Dubai-based Emirates will take the first double-decker with Trent 900 engines from Rolls-Royce on December 16, two weeks later than planned, in light of an agreement involving both technical and commercial elements, Tim Clark, the airline’s president, said on Wednesday in London.
“There were some issues on performance, but we’ve come to a satisfactory conclusion,” Clark said. “Rolls are taking care of everything, so we are neutral to the repercussions.”
Emirates, the biggest operator of the A380, is due to take receipt of 50 of the Airbus Group SE planes equipped with Rolls-Royce engines after switching from the competing GP7000 turbine manufactured by an alliance of General Electric Co. and Pratt & Whitney, which powered its first 90 aircraft.

Desert Deployment
Clark said the engine malady involved a “higher intervention rate” in maintaining the Rolls engines, understood to involve unanticipated levels of wear to fan blades stemming from their deployment in Dubai’s desert climate.
London-based Rolls-Royce said in a statement to Bloomberg that it’s working with Emirates and Airbus on getting the A380s into service.
Emirates last year ordered 217 Trent 900s — sufficient to power the 50 four-engine planes, plus spares — in a deal that included unspecified “quality improvements.” It’s due to take 25 aircraft through 2019 and 25 more from 2021.
The airline switched supplier on the understanding that Rolls would help develop an upgraded “Neo” engine to help pare the model’s operating costs and extend its lifespan.
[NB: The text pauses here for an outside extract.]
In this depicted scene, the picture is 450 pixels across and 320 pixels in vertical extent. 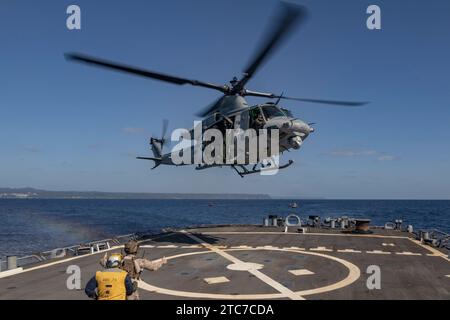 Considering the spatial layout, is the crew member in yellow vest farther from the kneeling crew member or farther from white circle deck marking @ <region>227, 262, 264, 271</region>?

A lack of interest among other carriers has effectively killed off that plan, and Airbus plans to slow production to just one plane per month in 2018.
Clark said the planemaker is obligated to supply Emirates with its full backlog of A380s through 2026 and that the model will remain core to the fleet. At the same time the airline could explore converting options for more Boeing Co. 777X planes.

787 vs A350
The Gulf carrier is also continuing to review a requirement for smaller wide-bodies, which is likely to see it order the Boeing 787 or Airbus A350, Clark said. The decision has become less urgent given sluggish levels of demand as global economies stutter, he added.
A contract is likely to be placed in time for the new jets to enter service in 2021 or 2022, the executive said.
Work on the introduction of a new premium-economy class pitched between business and coach is at a “fairly advanced stage,” Clark said, and Emirates is likely to introduce the new cabins within a year to 18 months. The carrier has also said that it’s working on a response to low-cost, long-haul carriers which might see it unbundle services that are now offered as a package, cutting the prices of a ticket but charging more for extras.